• _Requirement_:
Both ends included, set down the lines from the line containing "30 oz Tumblers" through the last line of the records below, without pictures.

Caption-style text data:
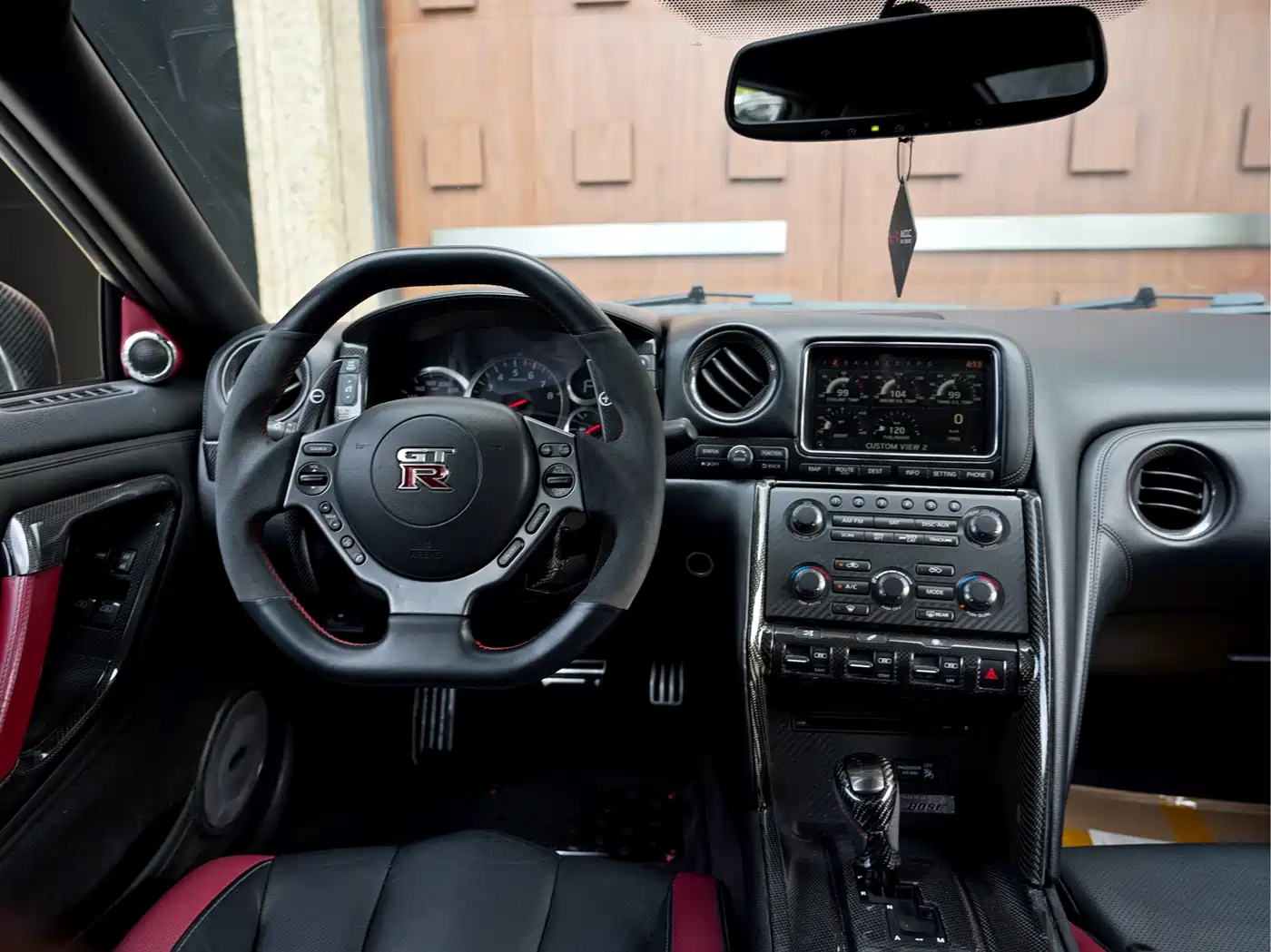 Nissan GT-R 2012 2013 3.8T Premium Edition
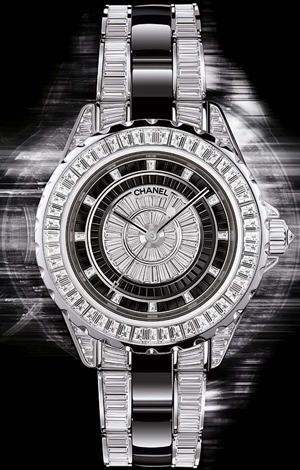  J12 Haute Joaillerie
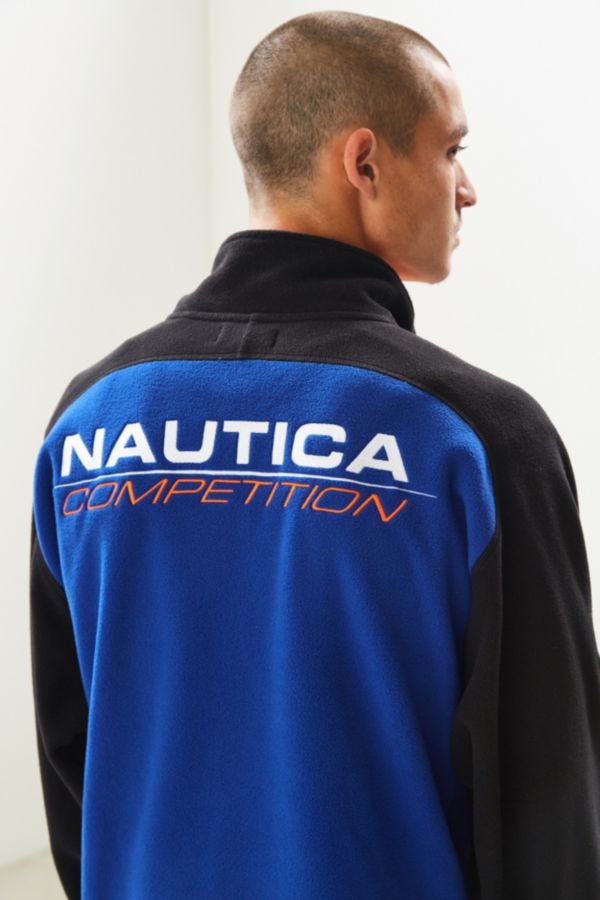 Nautica Competition For UO Polar Fleece Half-Zip Sweatshirt | Urban ...
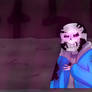 Glitchtale - HATE Sans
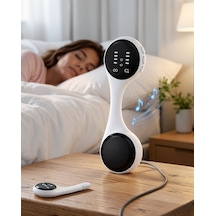 Yastık Altı Bluetooth Hoparlörü 070yastıkaltısp-5 8 Saat Süreyle Sessiz Alarm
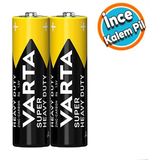 Nzb Varta Bilister Ince Kalem Pil Kumanda 2 Adet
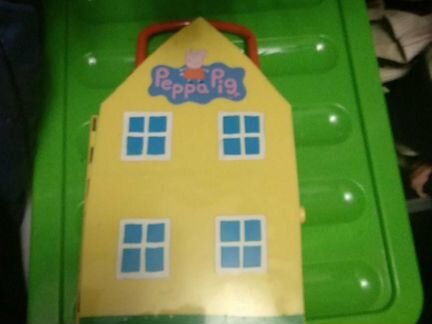 Игрушка Свинка пеппа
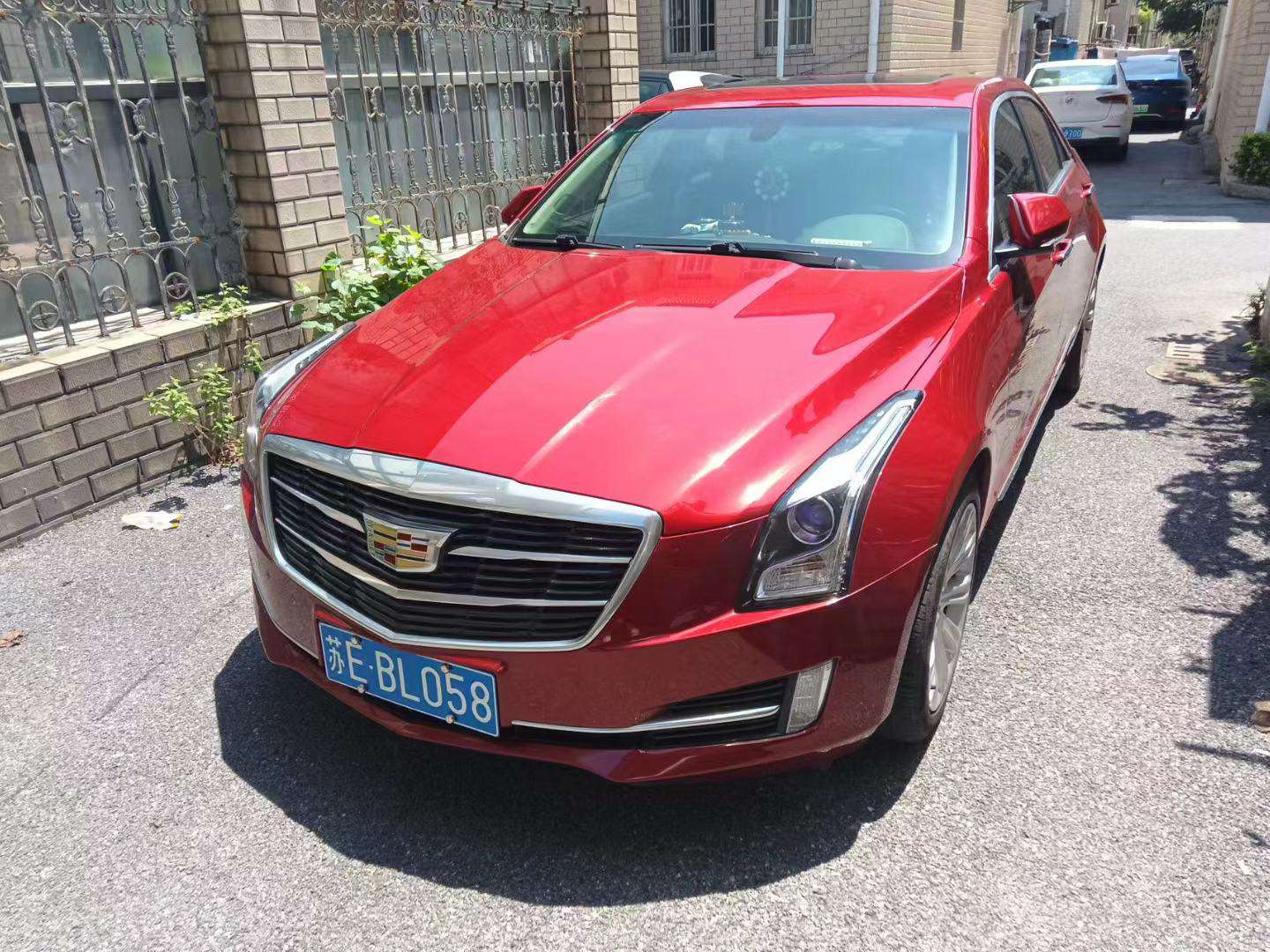 Cadillac ATS 2.0T Fashion Edition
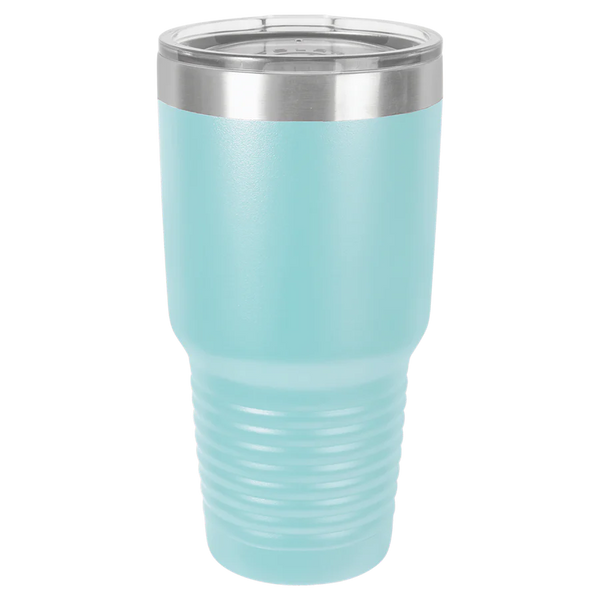 30 oz Tumblers - Ringneck Vacuum Insulated Tumbler w/Clear Lid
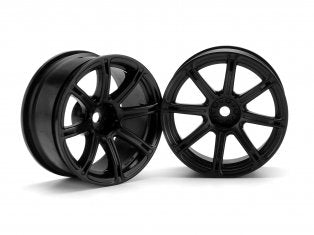 1/10 W: WE XC8 26mm Blk 6mmOS - Model - Image - Pop Weasel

• _Response to this exercise_:
 30 oz Tumblers - Ringneck Vacuum Insulated Tumbler w/Clear Lid
 1/10 W: WE XC8 26mm Blk 6mmOS - Model - Image - Pop Weasel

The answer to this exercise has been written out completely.